La Rubrica - Come Eravamo

Da Panorama del 14 agosto 2008


Dunque sono un criminale. Anzi: un pregiudicato.

Un giudice, la dottoressa Maria G. Rispoli in servizio a Milano, mi ha condannato qualche giorno fa a sei mesi di carcere. Vi posso assicurare che non ho né violentato né molestato nessuno. E neppure ho commesso un furto o uno scippo. Avessi compiuto simili reati, probabilmente mi avrebbero congedato con un buffetto o un congruo sconto di pena. Secondo la dottoressa Rispoli ho fatto ben di peggio.

Da direttore del Giornale, non ho vigilato come avrei dovuto, consentendo la pubblicazione di un articolo di Lino Jannuzzi dedicato alla procura di Palermo. Jannuzzi, che i lettori di Panorama conoscono bene, da anni conduce una personale battaglia, denunciando quelli che - a suo dire -sono i danni commessi da alcune toghe siciliane. Prima che Giulio Andreotti fosse assolto (per l'uccisione di Mino Pecorelli e per il bacio a Totò Riina, accuse manifestamente ridicole), Lino accusò i pm d'aver imbastito un processo politico. Nel corso degli anni, si è schierato a difesa di Bruno Contrada, il poliziotto condannato a dieci anni con l'accusa d'essere colluso con i mafiosi, e di altri servitori dello Stato, tra cui l'ex capo del Sisde, il generale dei carabinieri Mario Mori. Secondo Lino tutti questi processi hanno un solo filo conduttore che porta agli orientamenti del gruppo di pm che per anni ha gestito le indagini della procura palermitana.

Ma la critica a un magistrato, a cominciare da quella d'imbastire processi politici, in Italia è vietata: viene equiparata alla delegittimazione del pubblico ministero, anzi alla sua diffamazione.Non lo può fare un giornalista e non lo può fare neppure un senatore della Repubblica. Già, perché Jannuzzi all'epoca dei fatti era un parlamentare.

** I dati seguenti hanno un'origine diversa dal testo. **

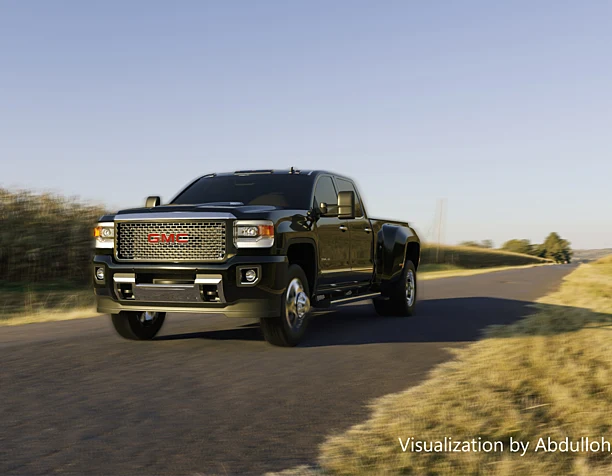 GMC Sierra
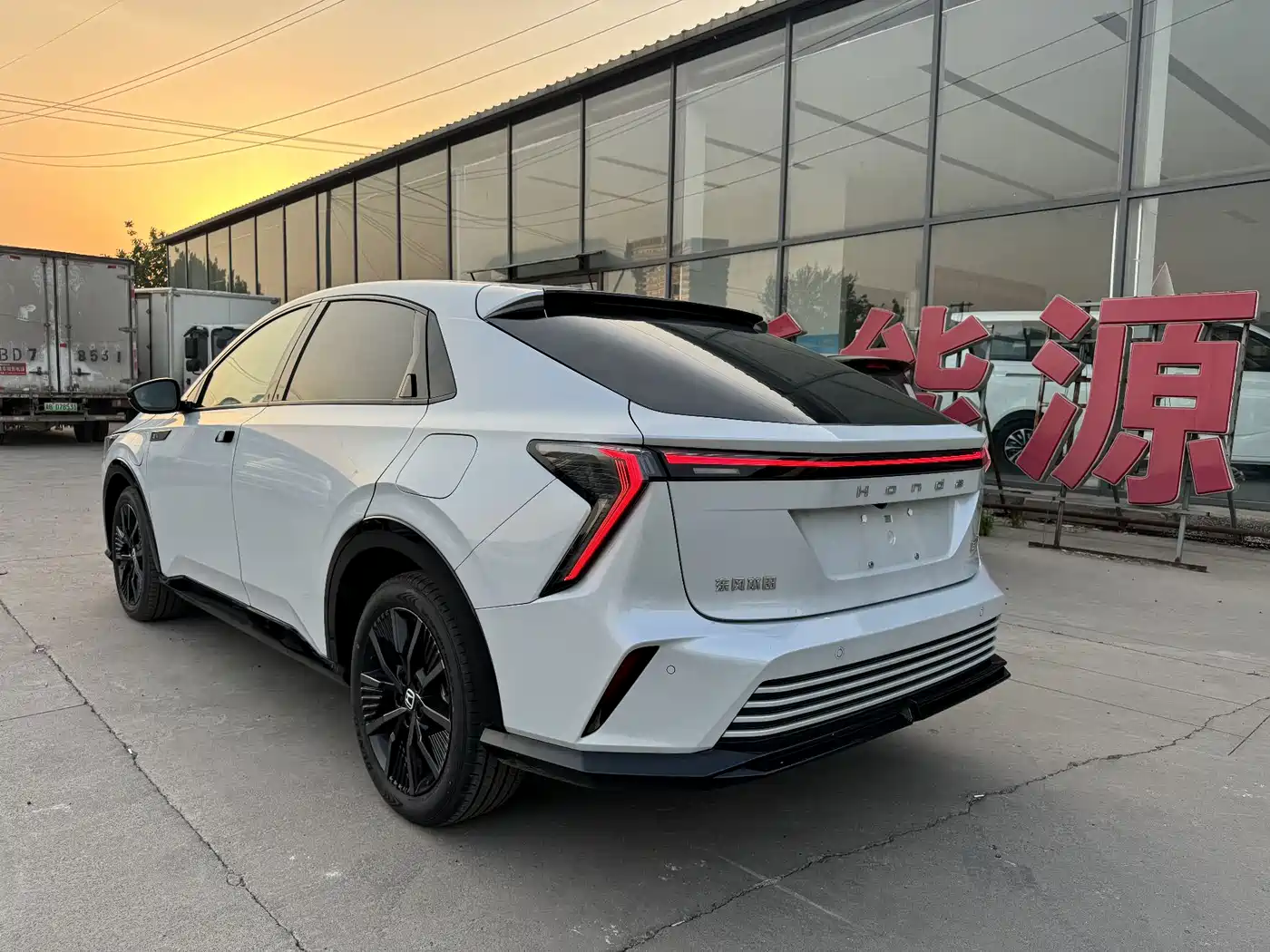 Honda Hunting Light e:NS2, миниатюра 10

Teoricamente in questo Paese la Costituzione tutela la libertà di parola e pure la libertà di stampa, ma ancor di più difende il diritto di senatori e deputati di esprimere liberamente le loro opinioni. L'insindacabilità dell'azione dei rappresentanti del popolo è una prerogativa prevista dall'articolo 68 della Carta su cui si fonda lo Stato. Ma quando c'è dimezzo un giudice, la tanto celebrata Costituzione diventa carta straccia. Se a querelare è un magistrato, pur se è pendente un giudizio di legittimità costituzionale, il processo non si ferma. Se è un giudice a dirsi vittima per un articolo di un parlamentare, che il Parlamento ritiene che non possa essere perseguito, si persegue il direttore che ha consentito la pubblicazione dell'articolo. Così, con un metodo obliquo, si colpisce comunque il diritto di parola di un senatore. Così l'insindacabilità dell'opinione di un rappresentante del popolo diventa sindacabile, anche se per interposta persona. Insomma, si condanna il direttore per condannare Jannuzzi.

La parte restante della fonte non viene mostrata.